## DATA BLOCK
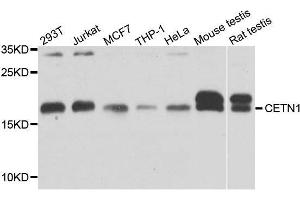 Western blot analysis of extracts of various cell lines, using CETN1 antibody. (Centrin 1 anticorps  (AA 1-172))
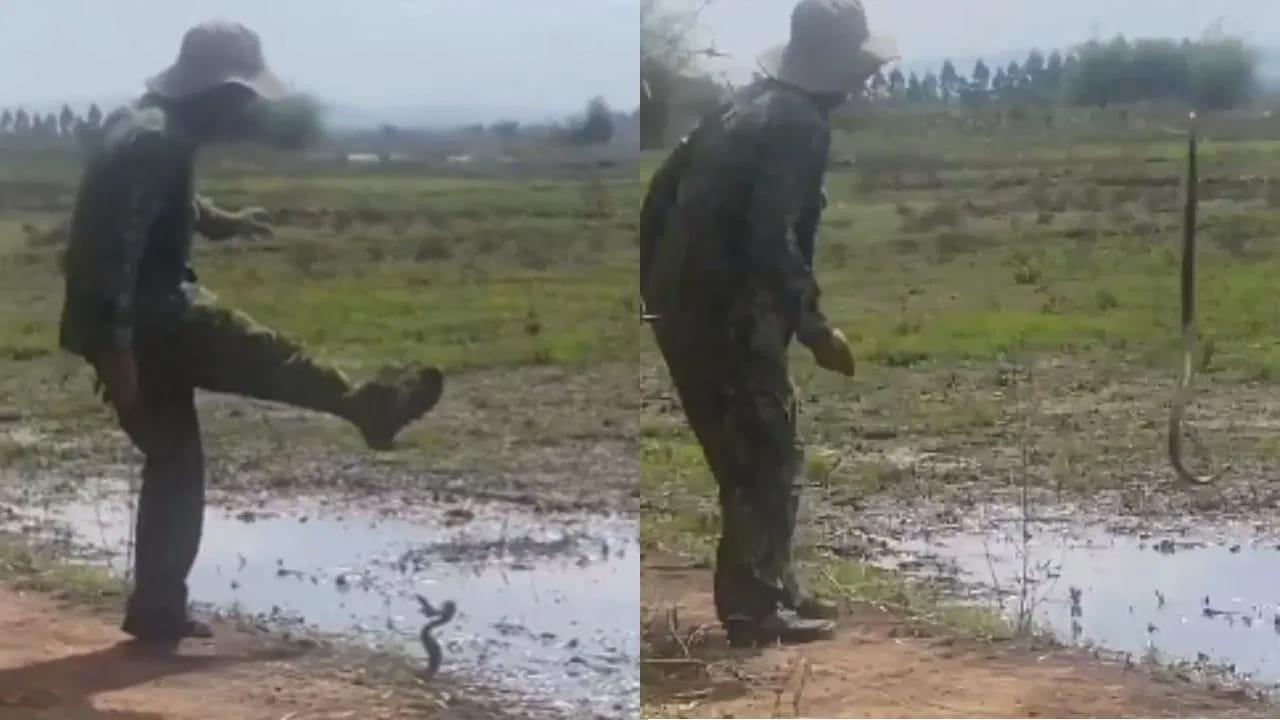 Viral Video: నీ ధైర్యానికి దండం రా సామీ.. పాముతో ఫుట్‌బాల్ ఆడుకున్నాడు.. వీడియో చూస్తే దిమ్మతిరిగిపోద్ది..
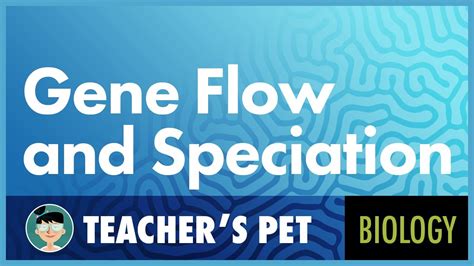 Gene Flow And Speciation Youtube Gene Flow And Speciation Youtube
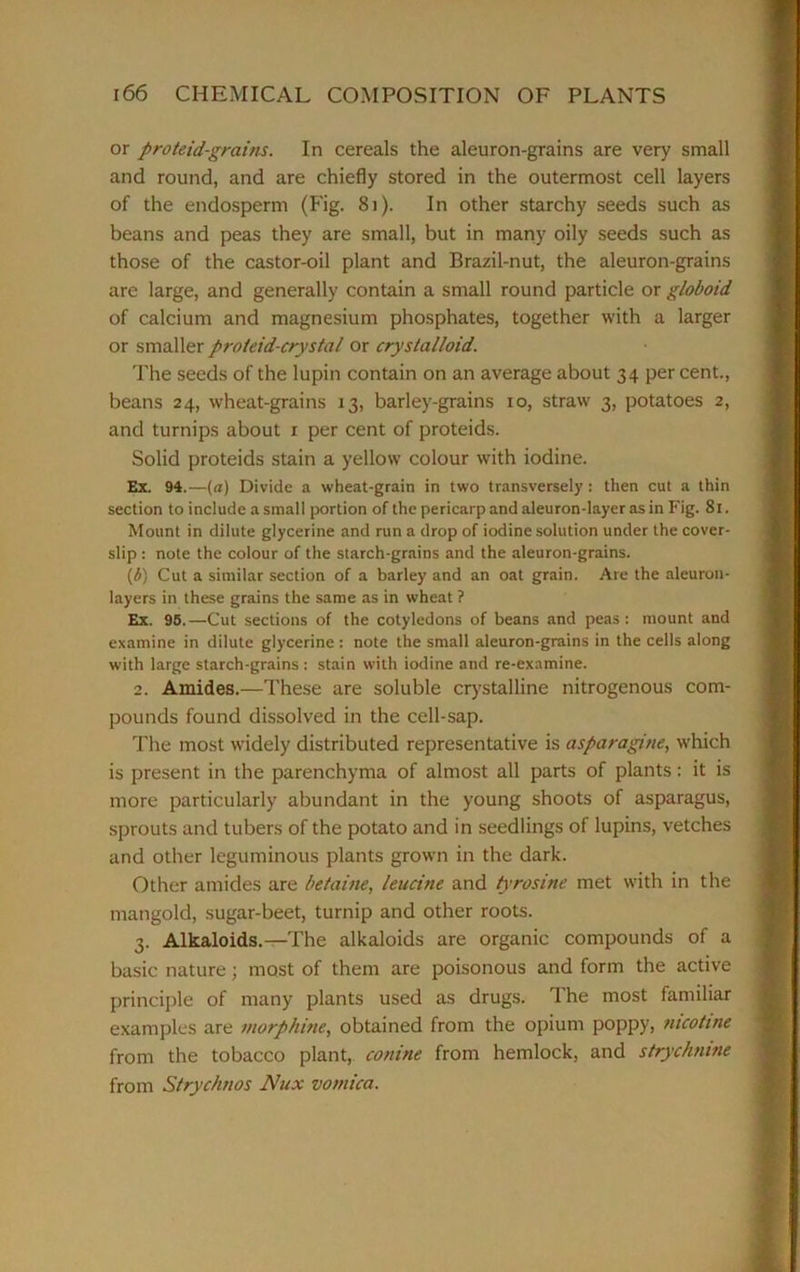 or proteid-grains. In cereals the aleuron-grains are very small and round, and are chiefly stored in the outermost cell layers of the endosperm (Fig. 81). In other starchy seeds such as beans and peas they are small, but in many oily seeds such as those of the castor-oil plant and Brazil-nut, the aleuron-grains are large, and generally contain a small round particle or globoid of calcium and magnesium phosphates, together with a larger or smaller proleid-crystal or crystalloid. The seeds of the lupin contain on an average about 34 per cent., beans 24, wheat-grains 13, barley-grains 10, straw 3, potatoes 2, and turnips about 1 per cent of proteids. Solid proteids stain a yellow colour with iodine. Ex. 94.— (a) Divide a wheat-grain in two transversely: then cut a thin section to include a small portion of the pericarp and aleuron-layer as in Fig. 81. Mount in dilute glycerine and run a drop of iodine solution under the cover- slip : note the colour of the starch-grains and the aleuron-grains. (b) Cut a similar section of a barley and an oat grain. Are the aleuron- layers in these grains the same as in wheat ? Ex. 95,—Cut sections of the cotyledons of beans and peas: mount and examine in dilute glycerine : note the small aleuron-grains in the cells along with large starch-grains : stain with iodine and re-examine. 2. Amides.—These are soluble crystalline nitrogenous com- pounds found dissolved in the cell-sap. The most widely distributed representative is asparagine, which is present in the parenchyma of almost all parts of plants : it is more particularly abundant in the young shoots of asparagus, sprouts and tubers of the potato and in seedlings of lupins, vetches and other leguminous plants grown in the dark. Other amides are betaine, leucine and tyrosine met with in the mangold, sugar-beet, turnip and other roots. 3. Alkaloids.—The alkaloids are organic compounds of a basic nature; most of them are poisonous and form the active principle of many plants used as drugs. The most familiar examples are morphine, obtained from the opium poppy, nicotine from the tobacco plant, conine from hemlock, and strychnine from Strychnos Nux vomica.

## YOUR ASSIGNMENT
Output only the lines from the start of the data through the line that holds "Gene Flow And Speciation Youtube Gene". Keep them exact and leave the pictures out.

## EXPECTED ANSWER
 Western blot analysis of extracts of various cell lines, using CETN1 antibody. (Centrin 1 anticorps  (AA 1-172))
 Viral Video: నీ ధైర్యానికి దండం రా సామీ.. పాముతో ఫుట్‌బాల్ ఆడుకున్నాడు.. వీడియో చూస్తే దిమ్మతిరిగిపోద్ది..
 Gene Flow And Speciation Youtube Gene Flow And Speciation Youtube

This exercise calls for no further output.